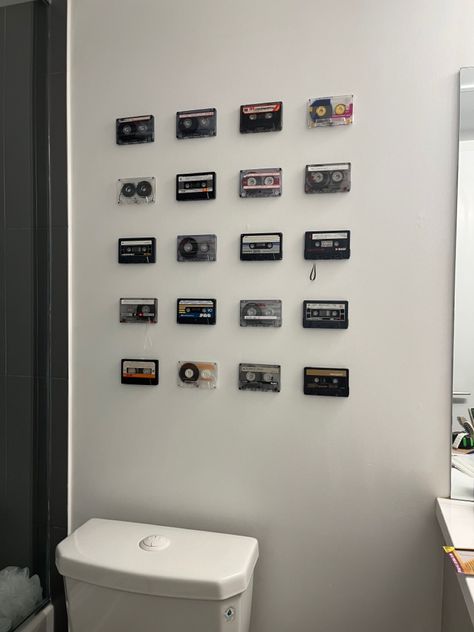 Picking up casettes from the street and putting them together in my bathroom Casette Aesthetic Vintage, Cassettes Aesthetic, 80’s Room, Rock Bedroom, Vintage Camera Decor, Ocean Room Decor, Bathroom Details, Tape Wall, Ocean Room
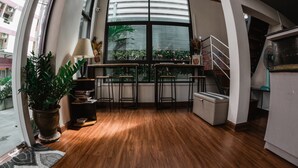 A modern kitchen with wooden flooring, a large window, and a staircase. - Step One at Bangkok (Bangkok)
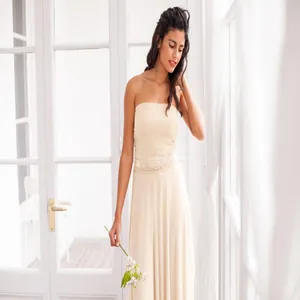 Elegant cream strapless multi-way maxi dress with embellished waist for formal events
------------------------------------------------------------
TASK STATEMENT |
The data above must be copied exactly. Leave out the pictures.

RESULT FOR THIS TASK |
 Picking up casettes from the street and putting them together in my bathroom Casette Aesthetic Vintage, Cassettes Aesthetic, 80’s Room, Rock Bedroom, Vintage Camera Decor, Ocean Room Decor, Bathroom Details, Tape Wall, Ocean Room
 A modern kitchen with wooden flooring, a large window, and a staircase. - Step One at Bangkok (Bangkok)
 Elegant cream strapless multi-way maxi dress with embellished waist for formal events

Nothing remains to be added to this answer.